(DATA EXTRACTS)
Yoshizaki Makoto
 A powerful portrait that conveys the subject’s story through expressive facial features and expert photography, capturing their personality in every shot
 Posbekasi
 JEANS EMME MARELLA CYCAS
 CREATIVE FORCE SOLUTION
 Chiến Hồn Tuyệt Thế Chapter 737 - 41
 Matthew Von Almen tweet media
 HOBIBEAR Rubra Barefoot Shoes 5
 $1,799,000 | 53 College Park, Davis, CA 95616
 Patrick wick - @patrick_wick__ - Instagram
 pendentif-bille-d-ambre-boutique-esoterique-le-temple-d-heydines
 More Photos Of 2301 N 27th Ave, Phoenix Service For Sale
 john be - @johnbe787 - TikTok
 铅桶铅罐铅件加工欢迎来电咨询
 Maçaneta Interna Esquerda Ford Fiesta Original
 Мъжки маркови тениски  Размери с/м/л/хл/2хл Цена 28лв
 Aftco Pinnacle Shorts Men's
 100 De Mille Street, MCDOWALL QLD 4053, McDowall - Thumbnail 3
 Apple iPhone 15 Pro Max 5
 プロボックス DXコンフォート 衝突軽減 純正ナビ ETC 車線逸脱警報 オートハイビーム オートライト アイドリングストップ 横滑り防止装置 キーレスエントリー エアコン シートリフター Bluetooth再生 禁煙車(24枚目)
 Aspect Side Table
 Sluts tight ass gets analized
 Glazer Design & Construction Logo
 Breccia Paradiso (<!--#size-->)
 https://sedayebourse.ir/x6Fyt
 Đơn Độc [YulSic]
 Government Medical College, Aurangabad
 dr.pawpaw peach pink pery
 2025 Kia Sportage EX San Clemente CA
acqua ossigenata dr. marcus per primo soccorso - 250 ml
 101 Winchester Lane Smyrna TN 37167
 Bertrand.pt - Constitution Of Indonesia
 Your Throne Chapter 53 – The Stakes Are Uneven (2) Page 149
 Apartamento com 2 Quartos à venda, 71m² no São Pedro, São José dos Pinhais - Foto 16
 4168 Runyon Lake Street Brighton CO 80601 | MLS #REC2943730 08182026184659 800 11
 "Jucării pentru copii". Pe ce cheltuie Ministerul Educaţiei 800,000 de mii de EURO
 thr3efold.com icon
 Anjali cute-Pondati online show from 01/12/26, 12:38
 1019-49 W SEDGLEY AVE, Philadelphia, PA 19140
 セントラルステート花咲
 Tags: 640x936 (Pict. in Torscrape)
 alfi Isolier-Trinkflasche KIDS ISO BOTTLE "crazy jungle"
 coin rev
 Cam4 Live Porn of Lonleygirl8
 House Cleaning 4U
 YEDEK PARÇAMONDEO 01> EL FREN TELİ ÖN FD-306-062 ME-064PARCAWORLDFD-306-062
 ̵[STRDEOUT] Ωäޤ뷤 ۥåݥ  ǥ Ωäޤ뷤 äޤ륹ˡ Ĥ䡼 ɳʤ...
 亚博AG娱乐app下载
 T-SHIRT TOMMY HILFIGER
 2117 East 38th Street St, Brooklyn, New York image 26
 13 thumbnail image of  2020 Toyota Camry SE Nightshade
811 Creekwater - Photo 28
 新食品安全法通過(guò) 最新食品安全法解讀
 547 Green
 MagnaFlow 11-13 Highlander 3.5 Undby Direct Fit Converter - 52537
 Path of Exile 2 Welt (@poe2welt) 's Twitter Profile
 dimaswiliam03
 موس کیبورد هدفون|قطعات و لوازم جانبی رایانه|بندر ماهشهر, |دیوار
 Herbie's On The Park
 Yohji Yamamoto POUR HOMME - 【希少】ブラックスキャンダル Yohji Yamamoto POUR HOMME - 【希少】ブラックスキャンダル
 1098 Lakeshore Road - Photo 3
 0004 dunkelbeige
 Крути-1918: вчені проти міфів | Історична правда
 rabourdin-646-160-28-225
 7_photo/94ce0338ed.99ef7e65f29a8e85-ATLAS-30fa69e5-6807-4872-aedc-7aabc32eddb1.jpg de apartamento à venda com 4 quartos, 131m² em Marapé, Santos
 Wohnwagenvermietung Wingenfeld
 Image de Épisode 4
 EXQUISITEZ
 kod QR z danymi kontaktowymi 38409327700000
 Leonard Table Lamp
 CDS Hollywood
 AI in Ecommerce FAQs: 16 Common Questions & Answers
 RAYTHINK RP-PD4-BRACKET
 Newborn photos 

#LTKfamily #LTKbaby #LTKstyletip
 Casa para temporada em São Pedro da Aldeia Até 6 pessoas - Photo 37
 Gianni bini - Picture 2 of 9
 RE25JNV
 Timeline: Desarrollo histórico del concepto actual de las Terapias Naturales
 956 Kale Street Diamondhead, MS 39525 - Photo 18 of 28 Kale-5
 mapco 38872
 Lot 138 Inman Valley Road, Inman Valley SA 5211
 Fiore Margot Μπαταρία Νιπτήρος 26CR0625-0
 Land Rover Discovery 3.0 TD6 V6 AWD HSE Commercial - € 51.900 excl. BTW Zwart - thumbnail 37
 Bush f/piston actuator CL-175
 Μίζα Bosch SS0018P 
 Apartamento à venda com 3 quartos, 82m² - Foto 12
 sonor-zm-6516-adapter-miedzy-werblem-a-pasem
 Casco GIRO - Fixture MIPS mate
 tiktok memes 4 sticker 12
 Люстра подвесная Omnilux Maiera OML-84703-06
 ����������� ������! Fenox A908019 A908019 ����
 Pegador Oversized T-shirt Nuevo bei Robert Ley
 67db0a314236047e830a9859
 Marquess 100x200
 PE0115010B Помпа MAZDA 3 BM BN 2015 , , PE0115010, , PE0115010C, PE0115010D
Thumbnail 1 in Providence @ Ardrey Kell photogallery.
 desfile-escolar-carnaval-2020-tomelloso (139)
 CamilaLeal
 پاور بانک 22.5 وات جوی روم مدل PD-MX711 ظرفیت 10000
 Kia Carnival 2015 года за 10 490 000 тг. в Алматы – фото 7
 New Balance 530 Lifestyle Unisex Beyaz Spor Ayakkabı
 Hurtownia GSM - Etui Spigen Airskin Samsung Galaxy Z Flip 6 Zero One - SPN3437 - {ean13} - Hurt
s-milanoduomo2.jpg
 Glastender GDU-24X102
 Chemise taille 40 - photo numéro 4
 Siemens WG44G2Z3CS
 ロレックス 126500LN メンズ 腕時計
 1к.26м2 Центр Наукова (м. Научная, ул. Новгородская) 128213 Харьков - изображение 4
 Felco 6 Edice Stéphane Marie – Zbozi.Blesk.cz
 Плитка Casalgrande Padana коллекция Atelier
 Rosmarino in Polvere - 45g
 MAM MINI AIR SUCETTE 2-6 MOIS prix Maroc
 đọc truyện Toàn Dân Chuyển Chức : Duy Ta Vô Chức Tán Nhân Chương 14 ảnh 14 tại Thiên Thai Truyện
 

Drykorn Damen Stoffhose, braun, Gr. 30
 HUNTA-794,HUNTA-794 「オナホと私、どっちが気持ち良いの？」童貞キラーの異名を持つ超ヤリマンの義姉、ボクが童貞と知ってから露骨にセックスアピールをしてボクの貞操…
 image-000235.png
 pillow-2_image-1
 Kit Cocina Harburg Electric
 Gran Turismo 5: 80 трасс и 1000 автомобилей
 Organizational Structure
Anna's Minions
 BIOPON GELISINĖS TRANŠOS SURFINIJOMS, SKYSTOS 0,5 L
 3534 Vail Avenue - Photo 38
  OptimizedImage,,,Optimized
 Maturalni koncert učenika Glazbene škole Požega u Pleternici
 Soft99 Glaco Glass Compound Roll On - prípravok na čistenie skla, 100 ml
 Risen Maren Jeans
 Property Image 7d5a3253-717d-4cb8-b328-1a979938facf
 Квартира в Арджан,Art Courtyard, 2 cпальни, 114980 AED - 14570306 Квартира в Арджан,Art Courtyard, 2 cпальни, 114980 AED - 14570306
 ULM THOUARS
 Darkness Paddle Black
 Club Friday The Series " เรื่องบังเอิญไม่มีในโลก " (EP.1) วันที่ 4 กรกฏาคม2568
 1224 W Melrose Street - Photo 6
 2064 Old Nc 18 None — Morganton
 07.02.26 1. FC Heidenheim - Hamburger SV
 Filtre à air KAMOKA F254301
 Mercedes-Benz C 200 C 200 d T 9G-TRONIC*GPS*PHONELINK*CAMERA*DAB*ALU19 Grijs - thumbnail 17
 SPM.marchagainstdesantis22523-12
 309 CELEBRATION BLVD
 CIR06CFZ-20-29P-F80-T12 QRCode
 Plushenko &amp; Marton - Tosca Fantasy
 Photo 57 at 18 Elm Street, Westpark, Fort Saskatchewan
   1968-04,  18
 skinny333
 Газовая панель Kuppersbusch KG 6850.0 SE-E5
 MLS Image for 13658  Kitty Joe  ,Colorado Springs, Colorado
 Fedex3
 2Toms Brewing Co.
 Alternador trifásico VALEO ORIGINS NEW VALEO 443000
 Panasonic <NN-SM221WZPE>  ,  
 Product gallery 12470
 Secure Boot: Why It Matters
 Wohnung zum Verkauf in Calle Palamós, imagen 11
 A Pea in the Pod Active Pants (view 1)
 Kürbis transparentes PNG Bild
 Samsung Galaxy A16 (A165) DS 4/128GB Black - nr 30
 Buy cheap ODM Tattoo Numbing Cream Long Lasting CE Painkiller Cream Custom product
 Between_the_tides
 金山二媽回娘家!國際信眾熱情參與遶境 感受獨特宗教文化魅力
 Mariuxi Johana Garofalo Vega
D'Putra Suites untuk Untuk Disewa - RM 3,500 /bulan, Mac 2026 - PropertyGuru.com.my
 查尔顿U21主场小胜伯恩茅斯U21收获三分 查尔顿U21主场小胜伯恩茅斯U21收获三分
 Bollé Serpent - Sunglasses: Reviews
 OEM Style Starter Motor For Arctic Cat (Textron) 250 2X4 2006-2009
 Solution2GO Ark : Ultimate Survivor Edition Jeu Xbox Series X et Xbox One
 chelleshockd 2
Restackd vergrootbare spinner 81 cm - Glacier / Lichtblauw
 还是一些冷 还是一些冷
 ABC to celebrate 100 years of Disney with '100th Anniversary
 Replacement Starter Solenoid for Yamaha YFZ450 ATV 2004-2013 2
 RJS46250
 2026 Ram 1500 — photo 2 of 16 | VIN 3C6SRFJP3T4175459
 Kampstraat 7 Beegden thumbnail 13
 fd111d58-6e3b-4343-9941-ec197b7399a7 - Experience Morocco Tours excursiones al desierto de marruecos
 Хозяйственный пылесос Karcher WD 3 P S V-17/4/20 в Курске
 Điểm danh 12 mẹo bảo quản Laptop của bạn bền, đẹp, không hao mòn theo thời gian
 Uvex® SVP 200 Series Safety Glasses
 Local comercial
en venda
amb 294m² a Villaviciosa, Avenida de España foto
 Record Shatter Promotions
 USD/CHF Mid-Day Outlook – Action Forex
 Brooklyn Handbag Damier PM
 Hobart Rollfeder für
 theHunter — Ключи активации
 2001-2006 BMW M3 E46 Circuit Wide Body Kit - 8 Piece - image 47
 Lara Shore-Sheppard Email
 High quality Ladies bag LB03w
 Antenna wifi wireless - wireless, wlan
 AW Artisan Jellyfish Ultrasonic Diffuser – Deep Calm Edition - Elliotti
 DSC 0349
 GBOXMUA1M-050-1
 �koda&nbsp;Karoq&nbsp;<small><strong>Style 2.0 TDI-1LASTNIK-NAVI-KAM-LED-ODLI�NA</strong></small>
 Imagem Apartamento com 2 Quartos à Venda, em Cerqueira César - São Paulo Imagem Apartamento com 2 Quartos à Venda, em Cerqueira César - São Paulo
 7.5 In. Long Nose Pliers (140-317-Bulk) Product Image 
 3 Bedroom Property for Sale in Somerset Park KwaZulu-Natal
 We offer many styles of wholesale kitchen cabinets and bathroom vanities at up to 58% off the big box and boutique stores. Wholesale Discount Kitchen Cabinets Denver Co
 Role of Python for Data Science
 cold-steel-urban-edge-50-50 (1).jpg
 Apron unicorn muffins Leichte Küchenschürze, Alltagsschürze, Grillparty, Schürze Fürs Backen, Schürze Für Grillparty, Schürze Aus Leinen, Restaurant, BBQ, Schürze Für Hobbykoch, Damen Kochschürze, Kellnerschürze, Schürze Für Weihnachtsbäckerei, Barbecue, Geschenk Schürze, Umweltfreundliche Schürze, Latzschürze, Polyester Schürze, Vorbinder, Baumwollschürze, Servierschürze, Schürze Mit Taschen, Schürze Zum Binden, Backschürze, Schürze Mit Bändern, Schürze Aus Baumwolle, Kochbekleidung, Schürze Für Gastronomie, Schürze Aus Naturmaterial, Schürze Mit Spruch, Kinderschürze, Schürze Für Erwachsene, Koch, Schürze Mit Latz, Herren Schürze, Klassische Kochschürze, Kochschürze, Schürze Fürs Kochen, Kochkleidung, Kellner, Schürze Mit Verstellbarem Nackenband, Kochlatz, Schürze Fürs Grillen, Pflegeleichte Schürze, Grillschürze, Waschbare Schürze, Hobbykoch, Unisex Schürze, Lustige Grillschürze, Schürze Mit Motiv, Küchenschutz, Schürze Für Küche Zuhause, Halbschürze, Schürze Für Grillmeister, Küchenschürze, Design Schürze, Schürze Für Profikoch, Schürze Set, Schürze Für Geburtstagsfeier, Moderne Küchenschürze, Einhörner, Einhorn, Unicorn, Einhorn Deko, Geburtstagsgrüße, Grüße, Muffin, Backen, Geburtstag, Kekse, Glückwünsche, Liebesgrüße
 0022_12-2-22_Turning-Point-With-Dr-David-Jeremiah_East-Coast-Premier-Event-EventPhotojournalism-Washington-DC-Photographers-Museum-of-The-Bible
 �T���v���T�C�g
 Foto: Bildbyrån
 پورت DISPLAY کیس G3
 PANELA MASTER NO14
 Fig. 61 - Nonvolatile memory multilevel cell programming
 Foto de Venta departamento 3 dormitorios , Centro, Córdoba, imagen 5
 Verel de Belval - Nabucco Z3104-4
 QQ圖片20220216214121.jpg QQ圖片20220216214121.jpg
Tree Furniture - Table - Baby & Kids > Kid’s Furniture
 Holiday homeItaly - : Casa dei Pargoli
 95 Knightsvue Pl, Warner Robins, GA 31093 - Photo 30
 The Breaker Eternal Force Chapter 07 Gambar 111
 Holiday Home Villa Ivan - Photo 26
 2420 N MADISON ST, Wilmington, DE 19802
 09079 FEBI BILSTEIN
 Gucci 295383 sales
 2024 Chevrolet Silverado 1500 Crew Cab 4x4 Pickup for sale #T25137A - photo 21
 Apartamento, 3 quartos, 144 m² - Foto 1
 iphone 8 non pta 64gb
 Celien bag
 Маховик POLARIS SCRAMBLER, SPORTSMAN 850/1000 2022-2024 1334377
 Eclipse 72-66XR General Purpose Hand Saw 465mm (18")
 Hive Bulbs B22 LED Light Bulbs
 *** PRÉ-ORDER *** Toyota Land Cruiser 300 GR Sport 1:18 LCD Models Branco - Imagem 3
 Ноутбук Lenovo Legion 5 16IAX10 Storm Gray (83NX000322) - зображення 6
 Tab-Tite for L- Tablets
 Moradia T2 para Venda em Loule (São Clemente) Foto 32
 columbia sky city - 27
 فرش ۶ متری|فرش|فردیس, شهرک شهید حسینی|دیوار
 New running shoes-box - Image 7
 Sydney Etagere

(PROBLEM TO SOLVE) Extract from the material all lines containing the string "Edition".

(RESULT)
 Solution2GO Ark : Ultimate Survivor Edition Jeu Xbox Series X et Xbox One
 AW Artisan Jellyfish Ultrasonic Diffuser – Deep Calm Edition - Elliotti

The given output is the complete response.